Project

General

Profile

Bug #27514

Break potential recursion involving getnewvnode and zfs_rmnode

Added by Chris Moore over 1 year ago. Updated 9 months ago.

Status:
Done
Priority:
Expected
Assignee:
Benno Rice
Category:
OS
Target version:
Seen in:
Severity:
Medium
Reason for Closing:
Reason for Blocked:
Needs QA:
No
Needs Doc:
No
Needs Merging:
No
Needs Automation:
No
Support Suite Ticket:
n/a
Hardware Configuration:
ChangeLog Required:
No

Description

I was using the system at the time of reboot, which was at 0309 hours local time. Once it booted back up, I received an email saying, "System booted at Sat Dec 30 09:13:22 2017 was not shut down properly". The reboot was unexpected and I don't know what may have caused it.
I was watching a movie using the Plex plugin when this happened, but I don't think that was the cause since I have been using Plex extensively for years. The system had been running perfectly for about 15 days since I upgraded from version 11 to 11.1
I looked at /var/log/messages and the log has nothing from midnight (local) until 0313 when the entries start for the reboot.
Is there any other log that might show some answer about why this reboot occurred?

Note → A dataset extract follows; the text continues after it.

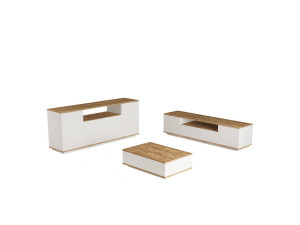 Set di mobili da salotto in legno "FR18" - 180 x 44 x 44 cm - Bianco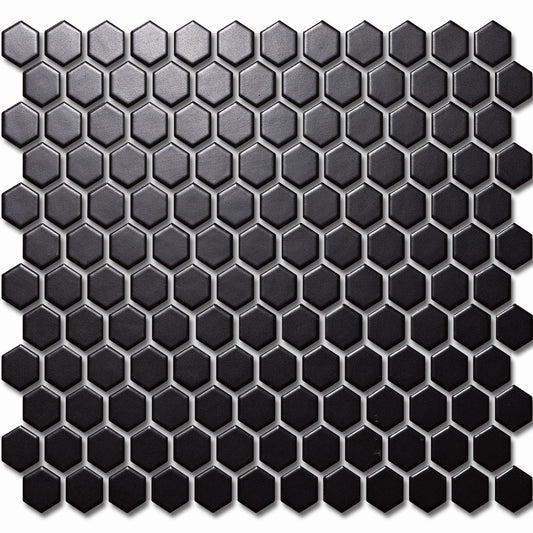 1" Black Hexagon Tile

I keep close watch on the system and I had not noticed any unusual activity.


Related issues

Related to FreeNAS - Bug #27775: Unauthorized system rebootClosed2018-01-11
Related to FreeNAS - Bug #30780: Unauthorized system rebootClosed
Related to FreeNAS - Bug #38923: #27514 fix causes panic on dataset quota overflowClosed
Has duplicate FreeNAS - Bug #27671: Random reboot in the middle of the night, every couple daysClosed: Duplicate2018-01-07
Has duplicate FreeNAS - Bug #28574: Unauthorized RebootsClosed2018-02-17
Has duplicate FreeNAS - Bug #28411: Unauthorized system rebootClosed2018-02-09
Has duplicate FreeNAS - Bug #28028: Unauthorized system rebootClosed2018-01-28

History

#1 Updated by Chris Moore over 1 year ago

  • File debug-Emily-NAS-20171230111636.txz added
  • Private changed from No to Yes

#2 Updated by Chris Moore over 1 year ago

  • File Emily_NAS_log_30_Dec_2017.txt added

#3 Updated by Dru Lavigne over 1 year ago

  • Status changed from Unscreened to 15
  • Assignee changed from Release Council to Alexander Motin

Chris: was this a one-off thing? It is possible that the additional load of running the nightly cron scripts while watching a movie triggered the reboot.

Sasha: do you see anything in the logs that might indicate a bug?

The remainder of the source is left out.